Given data section start

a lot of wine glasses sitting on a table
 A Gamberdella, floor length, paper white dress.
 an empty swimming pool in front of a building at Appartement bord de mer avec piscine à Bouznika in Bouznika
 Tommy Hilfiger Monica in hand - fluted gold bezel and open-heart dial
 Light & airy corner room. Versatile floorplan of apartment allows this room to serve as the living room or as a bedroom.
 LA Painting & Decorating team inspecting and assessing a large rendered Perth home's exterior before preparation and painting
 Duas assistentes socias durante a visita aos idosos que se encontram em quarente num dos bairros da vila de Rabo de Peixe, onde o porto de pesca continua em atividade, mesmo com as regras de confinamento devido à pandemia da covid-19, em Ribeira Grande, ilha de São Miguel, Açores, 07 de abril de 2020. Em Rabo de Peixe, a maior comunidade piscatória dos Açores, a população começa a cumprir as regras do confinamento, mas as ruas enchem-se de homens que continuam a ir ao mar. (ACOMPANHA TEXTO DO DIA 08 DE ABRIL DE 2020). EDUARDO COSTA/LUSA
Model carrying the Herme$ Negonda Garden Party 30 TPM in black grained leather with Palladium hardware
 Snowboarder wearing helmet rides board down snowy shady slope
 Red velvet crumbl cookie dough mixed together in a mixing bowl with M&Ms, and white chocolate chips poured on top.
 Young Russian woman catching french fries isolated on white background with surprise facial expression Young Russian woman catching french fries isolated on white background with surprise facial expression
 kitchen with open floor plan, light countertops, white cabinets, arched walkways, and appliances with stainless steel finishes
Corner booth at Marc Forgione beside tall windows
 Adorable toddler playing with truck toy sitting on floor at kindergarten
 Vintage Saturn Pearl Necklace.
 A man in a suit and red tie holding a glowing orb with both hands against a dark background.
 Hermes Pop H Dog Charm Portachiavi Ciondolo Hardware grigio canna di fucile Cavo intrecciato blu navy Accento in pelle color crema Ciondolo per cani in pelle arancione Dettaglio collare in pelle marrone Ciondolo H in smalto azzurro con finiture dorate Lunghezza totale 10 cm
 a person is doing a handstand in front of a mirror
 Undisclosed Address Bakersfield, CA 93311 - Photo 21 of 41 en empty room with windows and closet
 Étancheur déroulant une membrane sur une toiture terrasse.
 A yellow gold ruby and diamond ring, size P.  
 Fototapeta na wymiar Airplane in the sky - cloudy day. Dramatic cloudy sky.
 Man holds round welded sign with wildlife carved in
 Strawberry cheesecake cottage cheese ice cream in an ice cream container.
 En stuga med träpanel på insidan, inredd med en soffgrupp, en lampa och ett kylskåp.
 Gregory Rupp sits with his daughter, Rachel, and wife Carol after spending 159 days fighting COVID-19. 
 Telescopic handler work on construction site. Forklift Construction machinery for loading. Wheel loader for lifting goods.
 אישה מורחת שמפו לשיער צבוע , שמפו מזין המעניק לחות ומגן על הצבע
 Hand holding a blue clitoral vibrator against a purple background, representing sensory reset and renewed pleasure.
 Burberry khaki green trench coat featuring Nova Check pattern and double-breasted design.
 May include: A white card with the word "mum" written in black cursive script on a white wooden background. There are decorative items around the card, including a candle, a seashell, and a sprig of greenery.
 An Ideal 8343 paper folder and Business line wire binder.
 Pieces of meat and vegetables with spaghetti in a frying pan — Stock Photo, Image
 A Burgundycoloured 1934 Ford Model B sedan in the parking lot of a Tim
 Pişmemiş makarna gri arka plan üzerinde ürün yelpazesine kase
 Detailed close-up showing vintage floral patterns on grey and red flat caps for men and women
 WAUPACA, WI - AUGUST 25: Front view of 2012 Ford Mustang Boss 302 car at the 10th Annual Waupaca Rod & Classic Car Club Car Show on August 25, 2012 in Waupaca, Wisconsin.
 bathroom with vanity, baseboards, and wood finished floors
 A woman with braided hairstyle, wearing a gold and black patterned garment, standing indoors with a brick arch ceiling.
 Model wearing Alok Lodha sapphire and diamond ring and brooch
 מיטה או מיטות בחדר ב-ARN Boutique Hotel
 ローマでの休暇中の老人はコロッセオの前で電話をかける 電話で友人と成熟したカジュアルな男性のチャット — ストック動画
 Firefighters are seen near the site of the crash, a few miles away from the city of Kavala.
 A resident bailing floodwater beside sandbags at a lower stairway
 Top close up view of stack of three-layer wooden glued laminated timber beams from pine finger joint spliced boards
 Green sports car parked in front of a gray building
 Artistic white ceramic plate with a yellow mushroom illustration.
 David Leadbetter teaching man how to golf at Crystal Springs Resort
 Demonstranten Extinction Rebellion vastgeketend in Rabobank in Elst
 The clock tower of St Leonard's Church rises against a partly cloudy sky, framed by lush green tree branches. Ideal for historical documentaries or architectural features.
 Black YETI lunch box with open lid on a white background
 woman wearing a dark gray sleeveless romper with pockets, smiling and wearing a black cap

Given data section end

● Exercise
Would you repeat all the material exactly as it is shown?

● Response box
a lot of wine glasses sitting on a table
 A Gamberdella, floor length, paper white dress.
 an empty swimming pool in front of a building at Appartement bord de mer avec piscine à Bouznika in Bouznika
 Tommy Hilfiger Monica in hand - fluted gold bezel and open-heart dial
 Light & airy corner room. Versatile floorplan of apartment allows this room to serve as the living room or as a bedroom.
 LA Painting & Decorating team inspecting and assessing a large rendered Perth home's exterior before preparation and painting
 Duas assistentes socias durante a visita aos idosos que se encontram em quarente num dos bairros da vila de Rabo de Peixe, onde o porto de pesca continua em atividade, mesmo com as regras de confinamento devido à pandemia da covid-19, em Ribeira Grande, ilha de São Miguel, Açores, 07 de abril de 2020. Em Rabo de Peixe, a maior comunidade piscatória dos Açores, a população começa a cumprir as regras do confinamento, mas as ruas enchem-se de homens que continuam a ir ao mar. (ACOMPANHA TEXTO DO DIA 08 DE ABRIL DE 2020). EDUARDO COSTA/LUSA
Model carrying the Herme$ Negonda Garden Party 30 TPM in black grained leather with Palladium hardware
 Snowboarder wearing helmet rides board down snowy shady slope
 Red velvet crumbl cookie dough mixed together in a mixing bowl with M&Ms, and white chocolate chips poured on top.
 Young Russian woman catching french fries isolated on white background with surprise facial expression Young Russian woman catching french fries isolated on white background with surprise facial expression
 kitchen with open floor plan, light countertops, white cabinets, arched walkways, and appliances with stainless steel finishes
Corner booth at Marc Forgione beside tall windows
 Adorable toddler playing with truck toy sitting on floor at kindergarten
 Vintage Saturn Pearl Necklace.
 A man in a suit and red tie holding a glowing orb with both hands against a dark background.
 Hermes Pop H Dog Charm Portachiavi Ciondolo Hardware grigio canna di fucile Cavo intrecciato blu navy Accento in pelle color crema Ciondolo per cani in pelle arancione Dettaglio collare in pelle marrone Ciondolo H in smalto azzurro con finiture dorate Lunghezza totale 10 cm
 a person is doing a handstand in front of a mirror
 Undisclosed Address Bakersfield, CA 93311 - Photo 21 of 41 en empty room with windows and closet
 Étancheur déroulant une membrane sur une toiture terrasse.
 A yellow gold ruby and diamond ring, size P.  
 Fototapeta na wymiar Airplane in the sky - cloudy day. Dramatic cloudy sky.
 Man holds round welded sign with wildlife carved in
 Strawberry cheesecake cottage cheese ice cream in an ice cream container.
 En stuga med träpanel på insidan, inredd med en soffgrupp, en lampa och ett kylskåp.
 Gregory Rupp sits with his daughter, Rachel, and wife Carol after spending 159 days fighting COVID-19. 
 Telescopic handler work on construction site. Forklift Construction machinery for loading. Wheel loader for lifting goods.
 אישה מורחת שמפו לשיער צבוע , שמפו מזין המעניק לחות ומגן על הצבע
 Hand holding a blue clitoral vibrator against a purple background, representing sensory reset and renewed pleasure.
 Burberry khaki green trench coat featuring Nova Check pattern and double-breasted design.
 May include: A white card with the word "mum" written in black cursive script on a white wooden background. There are decorative items around the card, including a candle, a seashell, and a sprig of greenery.
 An Ideal 8343 paper folder and Business line wire binder.
 Pieces of meat and vegetables with spaghetti in a frying pan — Stock Photo, Image
 A Burgundycoloured 1934 Ford Model B sedan in the parking lot of a Tim
 Pişmemiş makarna gri arka plan üzerinde ürün yelpazesine kase
 Detailed close-up showing vintage floral patterns on grey and red flat caps for men and women
 WAUPACA, WI - AUGUST 25: Front view of 2012 Ford Mustang Boss 302 car at the 10th Annual Waupaca Rod & Classic Car Club Car Show on August 25, 2012 in Waupaca, Wisconsin.
 bathroom with vanity, baseboards, and wood finished floors
 A woman with braided hairstyle, wearing a gold and black patterned garment, standing indoors with a brick arch ceiling.
 Model wearing Alok Lodha sapphire and diamond ring and brooch
 מיטה או מיטות בחדר ב-ARN Boutique Hotel
 ローマでの休暇中の老人はコロッセオの前で電話をかける 電話で友人と成熟したカジュアルな男性のチャット — ストック動画
 Firefighters are seen near the site of the crash, a few miles away from the city of Kavala.
 A resident bailing floodwater beside sandbags at a lower stairway
 Top close up view of stack of three-layer wooden glued laminated timber beams from pine finger joint spliced boards
 Green sports car parked in front of a gray building
 Artistic white ceramic plate with a yellow mushroom illustration.
 David Leadbetter teaching man how to golf at Crystal Springs Resort
 Demonstranten Extinction Rebellion vastgeketend in Rabobank in Elst
 The clock tower of St Leonard's Church rises against a partly cloudy sky, framed by lush green tree branches. Ideal for historical documentaries or architectural features.
 Black YETI lunch box with open lid on a white background
 woman wearing a dark gray sleeveless romper with pockets, smiling and wearing a black cap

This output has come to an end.